[Stored data entries]
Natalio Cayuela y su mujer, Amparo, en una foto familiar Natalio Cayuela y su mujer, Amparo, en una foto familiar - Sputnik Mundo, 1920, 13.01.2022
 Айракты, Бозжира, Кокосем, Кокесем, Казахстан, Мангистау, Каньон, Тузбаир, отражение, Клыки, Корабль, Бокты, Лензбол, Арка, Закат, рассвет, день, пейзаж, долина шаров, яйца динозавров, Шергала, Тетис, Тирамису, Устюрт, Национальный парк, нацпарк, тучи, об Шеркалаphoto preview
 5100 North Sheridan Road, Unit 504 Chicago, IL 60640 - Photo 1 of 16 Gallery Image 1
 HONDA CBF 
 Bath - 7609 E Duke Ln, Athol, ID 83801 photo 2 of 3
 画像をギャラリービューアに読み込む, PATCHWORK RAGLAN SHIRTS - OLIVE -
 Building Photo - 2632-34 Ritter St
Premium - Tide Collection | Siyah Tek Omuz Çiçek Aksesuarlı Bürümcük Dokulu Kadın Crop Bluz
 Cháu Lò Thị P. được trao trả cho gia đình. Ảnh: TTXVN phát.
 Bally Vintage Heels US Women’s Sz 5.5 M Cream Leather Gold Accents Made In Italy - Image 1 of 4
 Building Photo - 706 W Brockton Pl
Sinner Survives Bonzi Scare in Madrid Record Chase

[YOUR GOAL]
Write out each line exactly, beginning at the one with "Cháu Lò Thị" and ending at the final line of the records above, with nothing added.

[TASK ANSWER]
 Cháu Lò Thị P. được trao trả cho gia đình. Ảnh: TTXVN phát.
 Bally Vintage Heels US Women’s Sz 5.5 M Cream Leather Gold Accents Made In Italy - Image 1 of 4
 Building Photo - 706 W Brockton Pl
Sinner Survives Bonzi Scare in Madrid Record Chase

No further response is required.